Who is this BABY playing Jake?
To be clear, that last point is about the flashback. Actual Cirroc Lofton is also baby though
Ah, Benjamin and Jake looking at ds9 and how I know it's gonna parallel with Nerys and Jake looking out from it 😭😭😭
Here it is, the slowest theme song in the universe. RIP to y'all who think Faith of the Heart is bad, how do y'all stand this?
That said, my love for ds9 makes this theme song feel like coming home, no matter how slow it is
Love that Miles is wearing the ds9 uniform and Benjamin isn't. Miles is the one coming from the Enterprise
I know Quark has Rom's nose in this episode bc they hadn't finished making his yet, but still, everytime I rewatch the episode I'm like "Does Quark have Rom's nose??"

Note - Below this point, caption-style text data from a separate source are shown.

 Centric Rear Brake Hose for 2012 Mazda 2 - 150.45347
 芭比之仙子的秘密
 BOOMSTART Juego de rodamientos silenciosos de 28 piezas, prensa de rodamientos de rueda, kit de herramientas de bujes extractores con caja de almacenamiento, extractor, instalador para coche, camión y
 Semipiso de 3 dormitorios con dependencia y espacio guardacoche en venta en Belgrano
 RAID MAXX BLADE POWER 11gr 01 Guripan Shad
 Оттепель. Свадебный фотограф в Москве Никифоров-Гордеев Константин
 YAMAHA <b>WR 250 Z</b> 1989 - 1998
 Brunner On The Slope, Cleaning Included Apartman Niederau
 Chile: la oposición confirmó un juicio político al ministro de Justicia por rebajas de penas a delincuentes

32°C? I didn't realize they set up the temperature difference between Cardassians and humans in the pilot
KIRA'S HAIR
Nana Visitor, every Star Trek fan owes you their life for cutting up that wig
Is Odo's face meltier than usual?
Nog! Baby!
Odo may be a fucking cop, but at least he says no guns
I forgot the Ferengi hissing in the early seasons
Oh, I'm not used to seeing the Enterprise conference room not in HD
Benjamin, I know you're traumatized, but it's not Jean Luc's fault
"I've come to know the Bajorans" sir, you have one Bajoran officer and you nearly didn't allow her to wear her earring
I do like how Benjamin is doing his absolute best in the job and making long term plans even though he's planning on leaving
Odo, don't act like you wouldn't despair if Quark left
This hair does make Nerys look significantly more like Laren, which I guess is what they were going for
Opaka! Ma'am, I miss you
Remember how in the original script, you felt someone's pagh through their foot instead of their ear?? I hate Star Trek
Love when Benjamin just Yells. Emissary and Our Man Bashir show Supreme Acting
I wish we had gotten to see more of Jennifer. She seems so lovely
Morn! Didn't realize he showed up in the pilot
There are so many Bajorans not wearing earrings in this episode
Julian, the stuttering is cute, but please calm down
"He knows I'm a Trill, he finds it fascinating," that's bc he's an alienfucker
Love that ds9 immediately says "This whole 'Final Frontier' stuff is bullshit. People live here"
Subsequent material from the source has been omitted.